Die erste Variante sieht den Einbau zweier Wehre zur Wasserlenkung vor. Sie würde den Betrieb auch bei rund 30 Kubikmeter pro Sekunde gewährleisten. Diese "Variante A" wäre wohl für rund ein bis zwei Millionen Euro zu haben, stellt aber keine hundertprozentige Sicherheit bei Niedrigwasser dar.
In den vergangenen Wochen wurde daher eiligst eine "Variante B" erarbeitet. Diese sieht zusätzlich zu den Wehren den Einbau von Pumpen am Ende des Eiskanals vor. Diese Lösung würde den Betrieb der Strecke selbst bei einer nur noch minimalen Wassermenge von 15 Kubikmetern pro Sekunde gewährleisten, ein solches Niedrigwasser gab es in Augsburg bisher noch nicht. Diese Pumpenlösung würde voraussichtlich fünf bis sechs Millionen Euro für den Einbau und später auch Stromkosten für den Betrieb verursachen. Wie hoch diese sein werden, wird derzeit berechnet, voraussichtlich im September sollen genaue Zahlen vorliegen. Dann muss der Stadtrat über das weitere Vorgehen entscheiden.

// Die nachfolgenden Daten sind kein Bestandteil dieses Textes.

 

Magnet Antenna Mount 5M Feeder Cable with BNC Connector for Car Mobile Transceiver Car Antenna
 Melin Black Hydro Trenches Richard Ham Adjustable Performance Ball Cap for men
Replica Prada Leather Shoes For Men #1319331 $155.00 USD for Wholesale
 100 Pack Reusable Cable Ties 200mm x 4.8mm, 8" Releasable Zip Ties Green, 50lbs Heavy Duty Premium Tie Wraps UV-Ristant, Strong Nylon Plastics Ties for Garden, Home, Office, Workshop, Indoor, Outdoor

Verteilung des Wassers als Herausforderung
50 Kubikmeter Wasser pro Sekunde – also 50.000 Liter jede Sekunde – diese Menge muss der Lech führen, damit das von der UNESCO zum Welterbe ernannte Augsburger Wassermanagement-System problemlos funktioniert. Der Großteil dieser Wassermenge deckt die Bedürfnisse von Anrainern, Kleinkraftwerken und Stadtbächen; zehn Kubikmeter brauchen die Kanuten, um durchs Wildwasser zu paddeln. Das Wasser fließt am Ende der Strecke zurück in den Lech.

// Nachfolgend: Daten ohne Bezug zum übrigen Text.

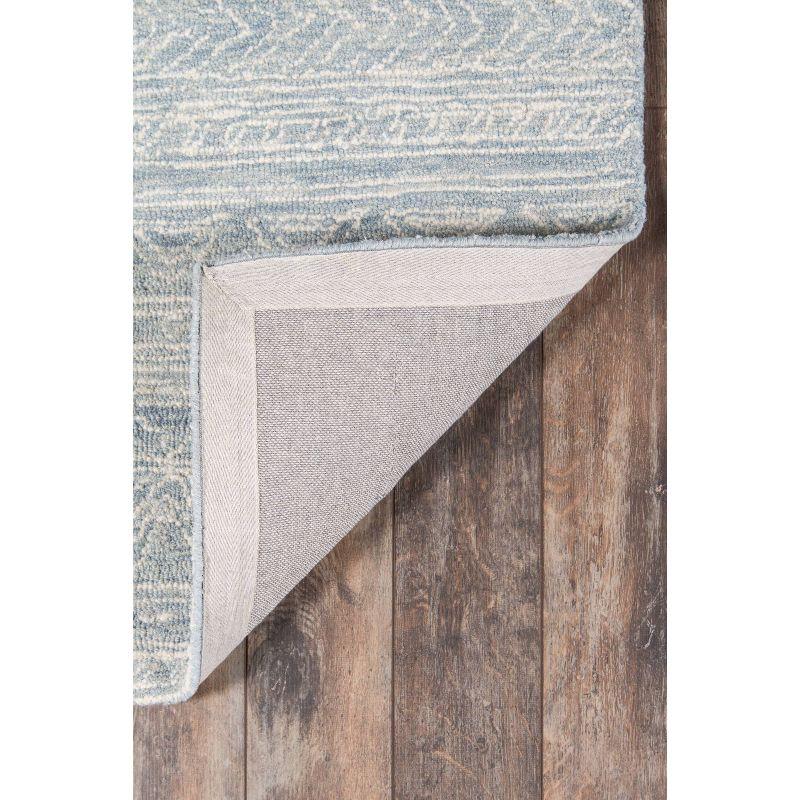 2'x3' Mallorca Paityn Accent Rug Light Blue - Momeni: Modern Geometric Wool Area Rug, Low Pile, Handmade, Indoor Use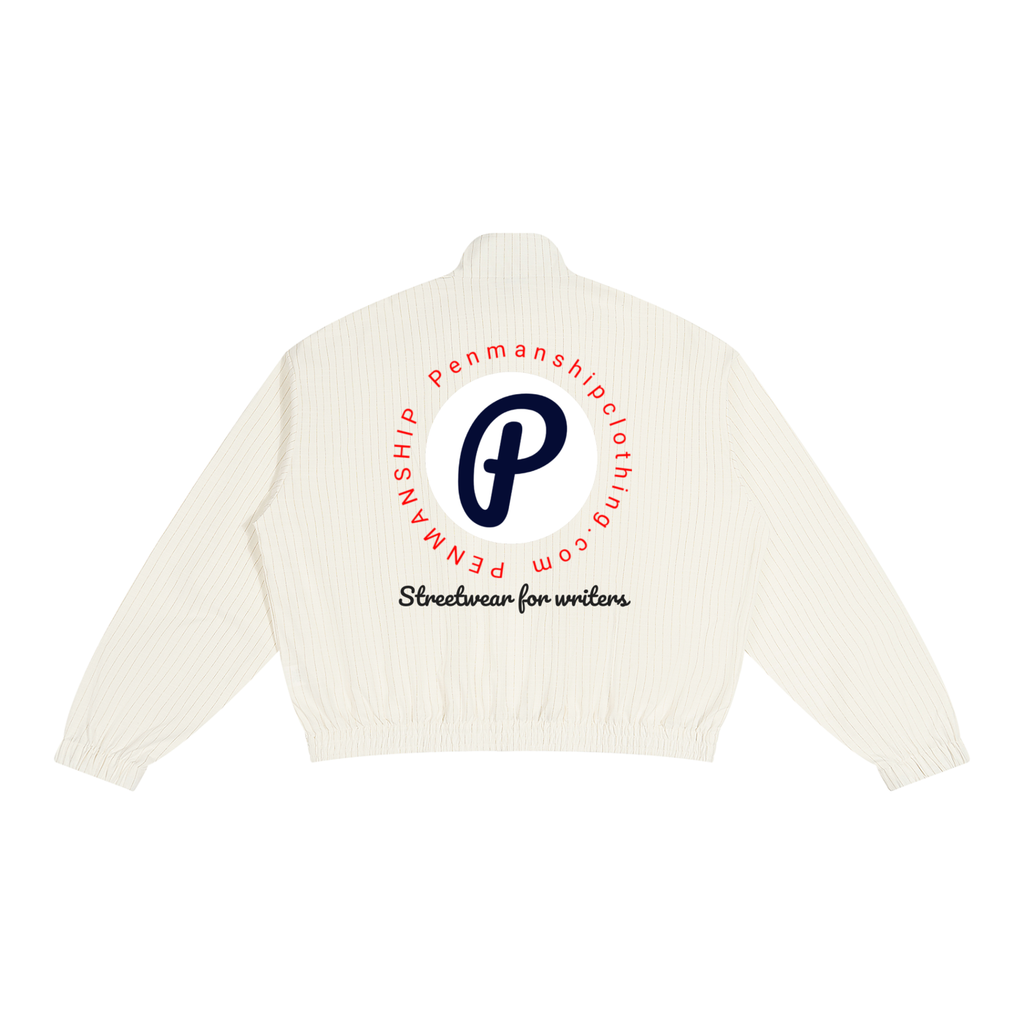 Penmanship,Clothing,Streetwear,Pinstripe,Jacket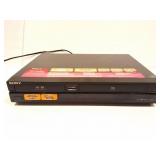 SONY- DVD AND VHS - WITH STICKERS- NO REMOTE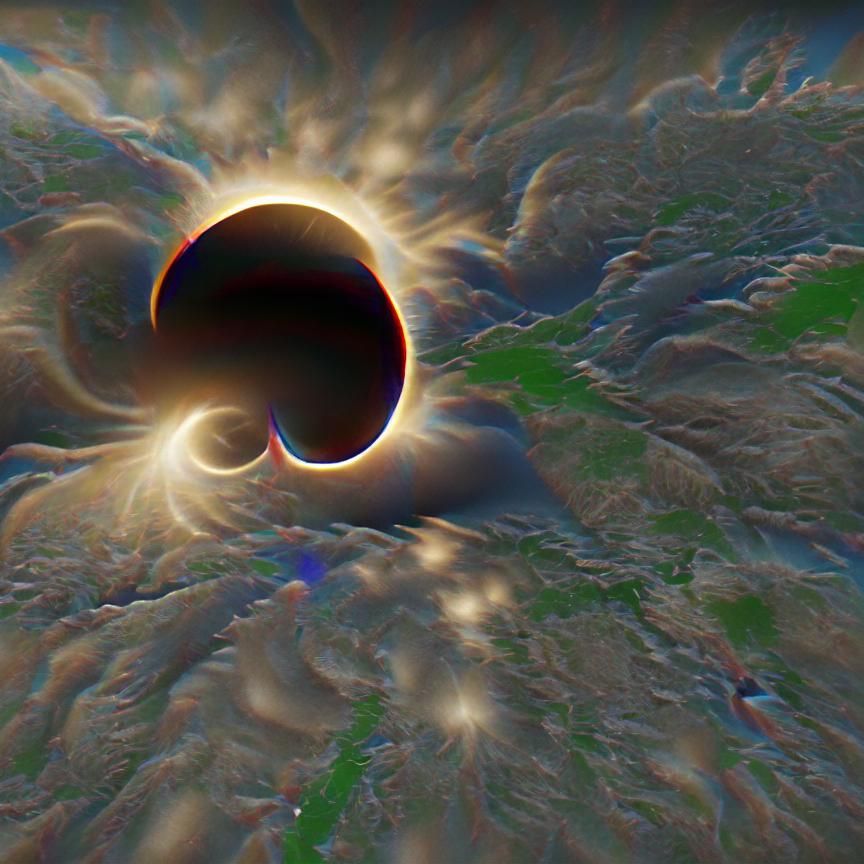 Striking Solar Eclipse Creates Celestial Spectacle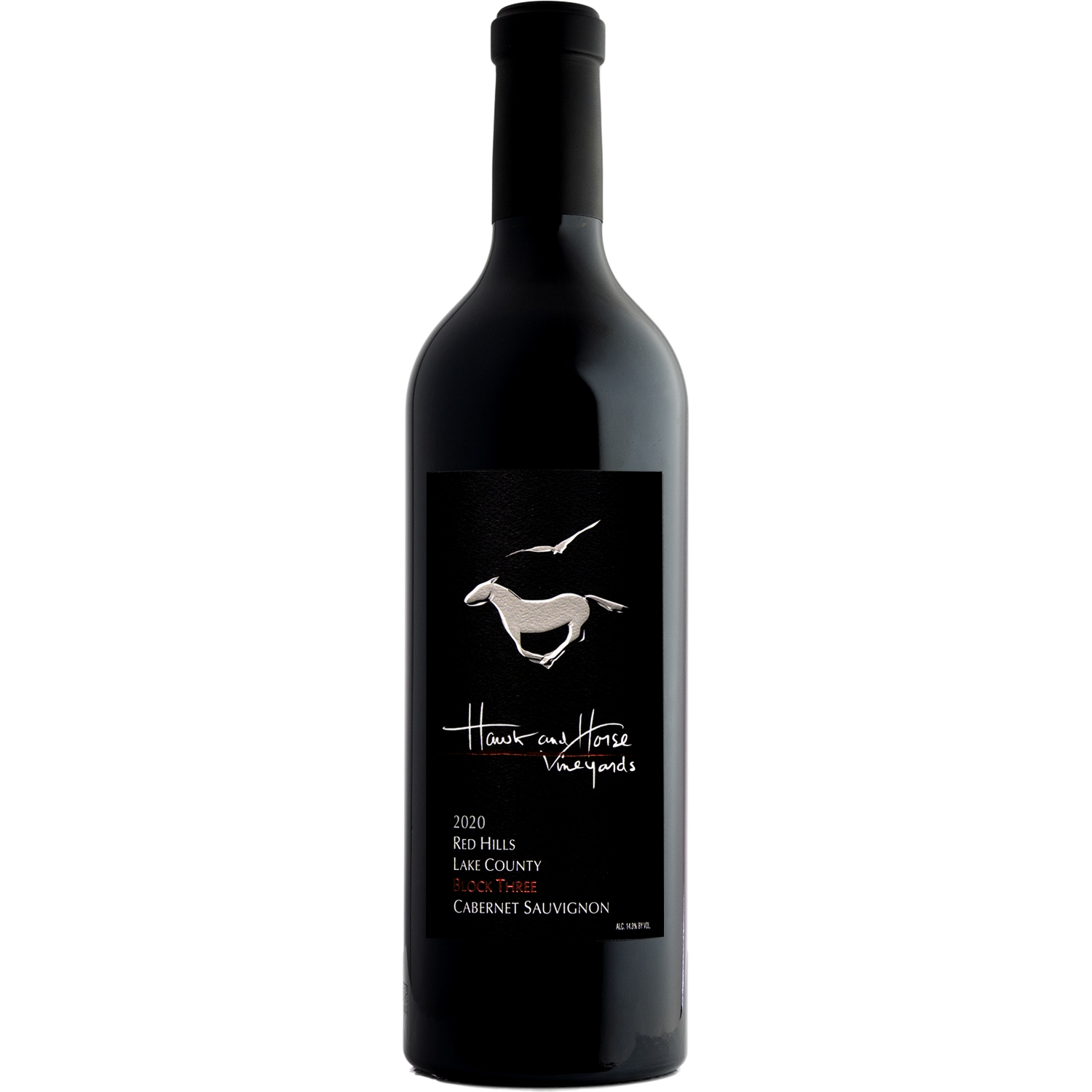 Hawk and Horse Vineyards 2020 'Block Three' Estate Cabernet Sauvignon 750ml Wine Bottle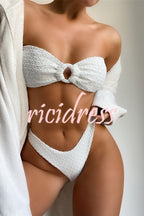 | Bandeau Bikini with Ring Neckline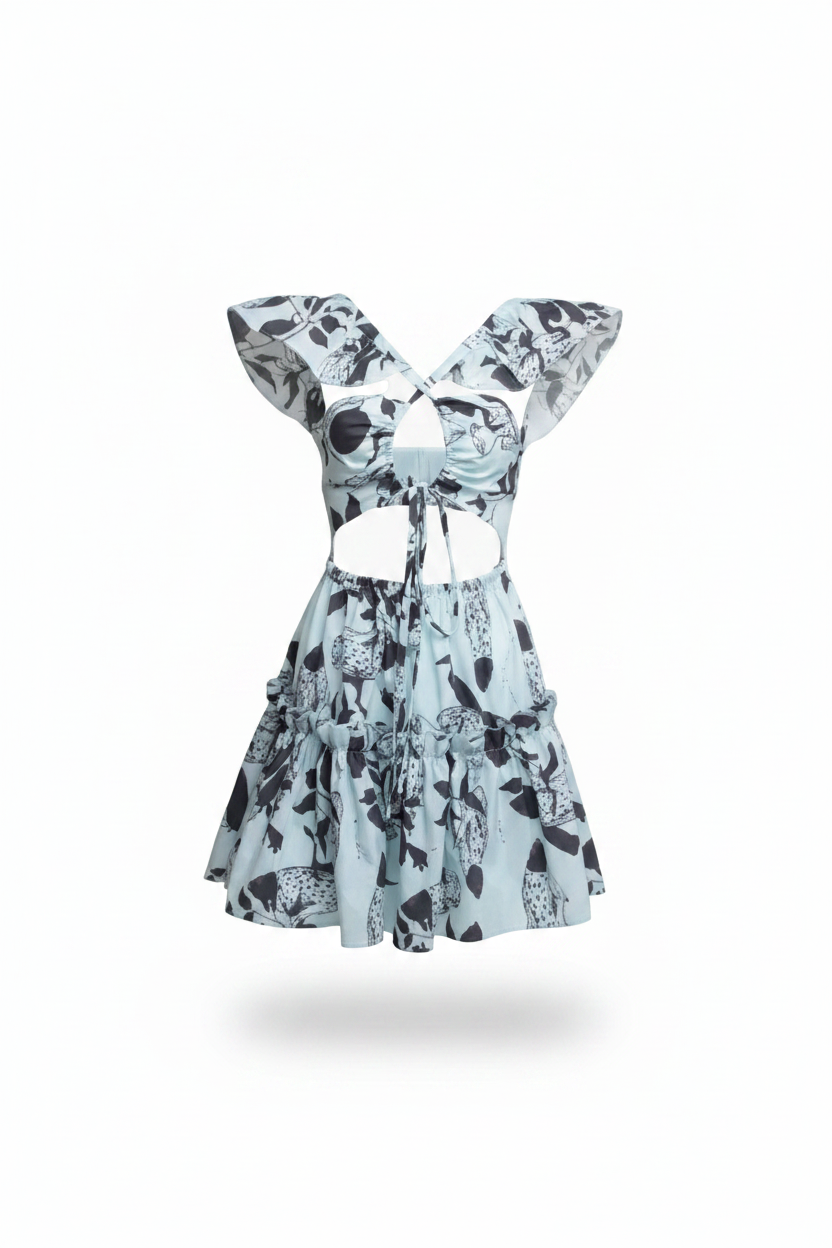 OLM43-OLMOS Y FLORES- MINI VESTIDO PECES- S3400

Weltmeisterschaften 2022 fast auf dem Trockenen
Das große Problem ist, dass die benötigte Wassermenge immer seltener anliegt, der Kampf ums Wasser hat begonnen. Vor gut drei Jahren, unmittelbar vor den Weltmeisterschaften 2022, sank die Wassermenge auf nur noch 28,6 Kubikmeter im Tagesdurchschnitt, die Weltmeisterschaften drohten zu versanden. Nur durch eine Kraftanstrengung der Stadt und ein Entgegenkommen des Energie-Unternehmens Uniper konnte die WM gerettet werden. Uniper öffnete die Schleusen der Lechstaustufe 23 im Augsburger Süden und flutete so letztlich den Eiskanal.
Wasser wird immer weniger
Jetzt aber wird die Wassermenge immer weniger und die Tage, an denen der Eiskanal nicht mehr geflutet werden kann, werden immer mehr: An bislang 75 von theoretisch 104 Tagen der seit März laufenden Saison mussten die Kanus im Bootshaus bleiben. Die Zukunftsfähigkeit der erst zur WM 2022 für 22 Millionen Euro generalsanierten Anlage steht damit infrage.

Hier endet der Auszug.